Stored data>
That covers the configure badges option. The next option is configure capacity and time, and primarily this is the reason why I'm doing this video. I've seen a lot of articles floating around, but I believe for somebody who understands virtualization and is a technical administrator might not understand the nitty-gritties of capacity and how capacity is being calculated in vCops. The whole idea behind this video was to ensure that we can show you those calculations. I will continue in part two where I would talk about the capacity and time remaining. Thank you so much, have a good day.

...

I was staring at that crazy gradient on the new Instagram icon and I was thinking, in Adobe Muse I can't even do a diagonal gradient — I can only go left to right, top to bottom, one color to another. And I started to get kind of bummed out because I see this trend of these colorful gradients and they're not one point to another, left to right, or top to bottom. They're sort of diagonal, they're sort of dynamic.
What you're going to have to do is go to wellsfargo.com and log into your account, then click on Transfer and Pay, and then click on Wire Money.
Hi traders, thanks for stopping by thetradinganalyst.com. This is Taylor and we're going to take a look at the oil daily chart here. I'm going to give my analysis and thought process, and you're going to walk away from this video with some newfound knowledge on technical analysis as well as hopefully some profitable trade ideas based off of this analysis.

How to complete this task> Copy, exactly and only, the lines above that begin with the one containing "I was staring" and finish with the one containing "What you're going".

Answer to this task>
I was staring at that crazy gradient on the new Instagram icon and I was thinking, in Adobe Muse I can't even do a diagonal gradient — I can only go left to right, top to bottom, one color to another. And I started to get kind of bummed out because I see this trend of these colorful gradients and they're not one point to another, left to right, or top to bottom. They're sort of diagonal, they're sort of dynamic.
What you're going to have to do is go to wellsfargo.com and log into your account, then click on Transfer and Pay, and then click on Wire Money.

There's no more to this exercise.